Basic And Applied Research In Aerospace Sciences

The Division of Aerospace Sciences in the Office of Naval Research (ONR) helps to create new fundamental knowledge in a wide range of technical areas that support future Navy and Marine Corps needs in air platforms, kinetic weapons, and directed energy weapons. These investments also support the development of a highly-skilled scientific and engineering workforce that will be able to support next-generation aircraft and weapons to enhance our national security.

ONR was established by Congress in 1946 to plan, foster, and encourage scientific research to maintain future naval power and preserve national security. We sponsor various types of entities with grants or contracts from universities in all 50 states, to small businesses, to large weapon system integrators (prime contractors), to Navy and other DoD laboratories, and other government entities, such as NASA. The Division of Aerospace Sciences supports research in the areas of fixed and rotary wing aerodynamics, aeromechanics, flight dynamics and control, power, propulsion and thermal management, advanced airframe and missile materials and structures, hypersonics, directed and counter directed energy weapons, energetic materials, combat aircraft survivability, and the science of autonomy.

Each of these technologies is important to project naval power. However, they are also important to other organizations, such as our sister services DARPA, NASA, etc., as well as corporate investments with Internal Research and Development (IRAD) funding and Small Business Innovative Research (SBIR) resources. One of the major aspects of creating a research program is to coordinate with these other organizations and to identify aspects of these technologies that are either naval-driven or naval-unique and invest in these. As an example, while all aircraft take-off and land, the aerodynamics and propulsion for naval aircraft have unique aspects, due to the requirement of operation from either large-deck aircraft carriers, for fighter aircraft, or small deck destroyers, for rotary-wing aircraft. Landing on a pitching and heaving ship deck with a very complex flow field requires aircraft with greatly enhanced low-speed handling qualities and engines that can rapidly accelerate from idle to full power, should the aircraft miss the trap wire and a “bolter” be required to get back off the carrier.

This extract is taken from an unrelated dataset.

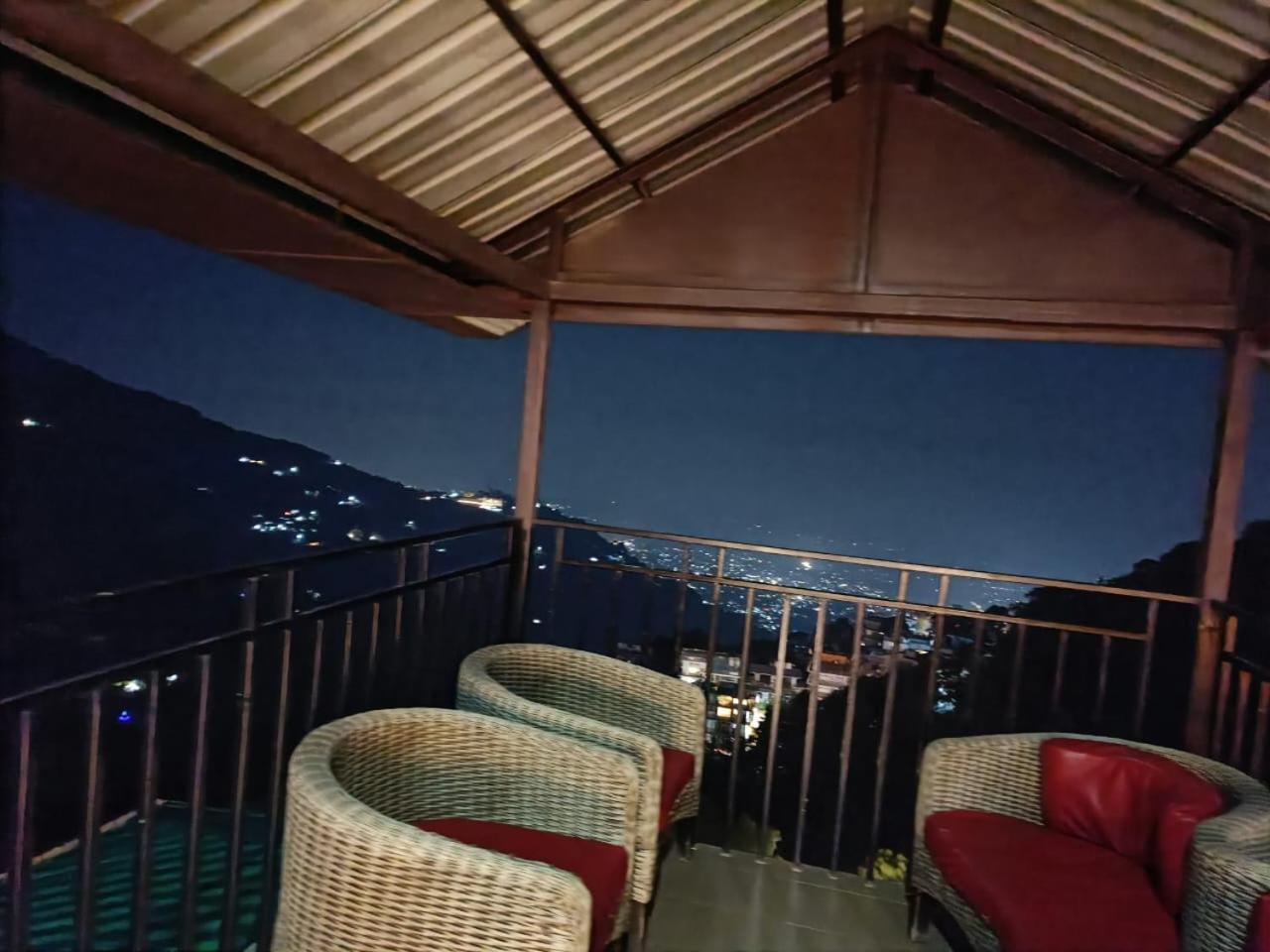 King Castle Mcleodganj-Centrally Heated And Air Cooled- Near Mall Road - Free Parking دارامشالا المظهر الخارجي الصورة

Improved performance and safety of energetic material systems are critical for longer range, high speed, and increased lethality weapon systems and hence a major focus of our research investments

One of the successes of our Sea- Based Aviation program was the “Magic Carpet” system sponsored by ONR and developed by the Naval Air Systems Command (NAVAIR) to simplify the landing of the F-18 Super Hornet, by introducing direct-lift control aerodynamics and closed-loop feedback along with a user-friendly pilot interface. Carrier landing has long been one of the most challenging aspects of training for naval aviators. The Magic Carpet will greatly reduce the amount of time devoted to this aspect, and allow for more focus on training for other parts of the mission set, such as strike operations. Another important research direction is the Variable Cycle Advanced Technology (VCAT) program to enhance fighter engine performance, to allow for faster acceleration, higher speeds, and better fuel efficiency that allows for longer-range strike operations. Operations in a maritime environment also subject airframes to harsh, corrosion-inducing conditions, as well as complex undercarriage stresses due to catapult and landing loads. Advances in structures and materials are required to improve performance, as well as increase lift and reliability—and hence increased mission-capable rates.

Improved performance and safety of energetic material systems are critical for longer range, high speed, and increased lethality weapon systems and hence a major focus of our research investments. Energetic materials are used in warhead fills, solid rocket motors, and in a new set of technologies where the solid steel warhead cases are replaced with high-density reactive materials and structural reactive materials.

ONR and the Division of Aerospace Sciences have been a leader in creating the underlying fundamental understanding for directed energy weapons (DEW) and counter directed energy weapons (CDEW). This includes high-energy lasers (HEL) and high-powered microwave (HPMW) weapons. Increasing the power and beam quality, while reducing the size, weight, and power required has been a major focus of this research program.

More than a dozen program officers in the Division of Aerospace Sciences at ONR use their highly specialized technical skills and insight into the military utility of potential advances to create research programs that further the boundaries of knowledge and enhance national security.